Well, I think I have felt the most empowered and encouraged when I see white women and people of color invested in and respected as a series of constituencies, not a homogenous blob.

If we don’t put intersectionality first and foremost, we will lose. All of us have to win for any of us to win. I believe that in my core. And I think people need to prioritize putting in the work to achieve this goal. The work is not tweeting or taking an “unconscious bias” training. The work is actually much more simple — it’s hiring and investing in white women and people of color and empowering them so that they can be successful.

The thing that annoys me the most is that we are in an industry that cares about the hype a lot. And the thing that frustrates me most is that at times, it feels like the hype matters more the substance. This is perpetuated by the fact that the hard metrics of our industry are very opaque — fund return data, portfolio construction, founder demographics, etc. — so it is hard to track actual progress. I think people should not feel empowered to talk about “the importance of diversity” if they haven’t done any work. They should listen more, do more and talk less.

The rise of All Raise and similar efforts have pumped a ton of new life into the diverse future of VC, yet year to date, the percentage of VC money given to female founders has barely shifted for 2019. As a representative for the next generation of investors, what are your top initiatives and priorities to pave a more gender-equal future for the industry?

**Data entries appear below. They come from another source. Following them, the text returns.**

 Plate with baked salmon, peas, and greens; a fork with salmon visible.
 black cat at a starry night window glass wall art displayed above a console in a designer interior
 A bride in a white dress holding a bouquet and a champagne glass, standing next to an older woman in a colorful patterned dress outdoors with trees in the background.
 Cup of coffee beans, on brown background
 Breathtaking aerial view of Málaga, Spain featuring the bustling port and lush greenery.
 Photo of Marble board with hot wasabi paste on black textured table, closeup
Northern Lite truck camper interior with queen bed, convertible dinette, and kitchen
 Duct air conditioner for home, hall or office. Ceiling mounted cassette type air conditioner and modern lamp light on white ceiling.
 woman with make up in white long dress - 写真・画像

  1. Invest in more companies building a more-equitable world
  2. Invest in more black and brown women
  3. Hire more black and brown women

What are the greatest upsides to being a non-partner VC?

Honestly, and this is probably counter-intuitive, but it’s less pressure. Once you are a partner, it seems like people expect you to have all the answers, and be straight and narrow, and be perfect all the time, and say all the right things on Twitter.

"If we don’t put intersectionality first and foremost, we will lose. All of us have to win for any of us to win."

Once I am partner, I will definitely not be this person, but it’s nice to get the chance to introduce myself to the industry as this person who is growing, evolving, and learning and not get the automatic expectation placed on me that I am perfect and right.

Much is said about the importance of relationship-building in VC. As a relatively young person in the industry, what are your best suggestions for developing and sustaining meaningful relationships beyond your own fund?

I honestly think this is overrated. I spent much of my first two years building all the relationships I could, but looking back on it now I think I was actually just trying to build a blueprint for how I wanted to create my own career. What I realized, after all those fifty-eleven coffees, was that nobody was me. Nobody was building the VC career that I wanted because they all wanted something different.

When I finally spent more time with myself, I was able to have much more fulfilling interactions with other VCs and entrepreneurs because I had developed my own true north. So I think the best suggestion I have is [to] stop looking to others for approval and figure out what your mission is.

The second piece of advice I have is don’t stop doing outbound. At a small, really early-stage fund, I feel like I’m drowning in inbound often.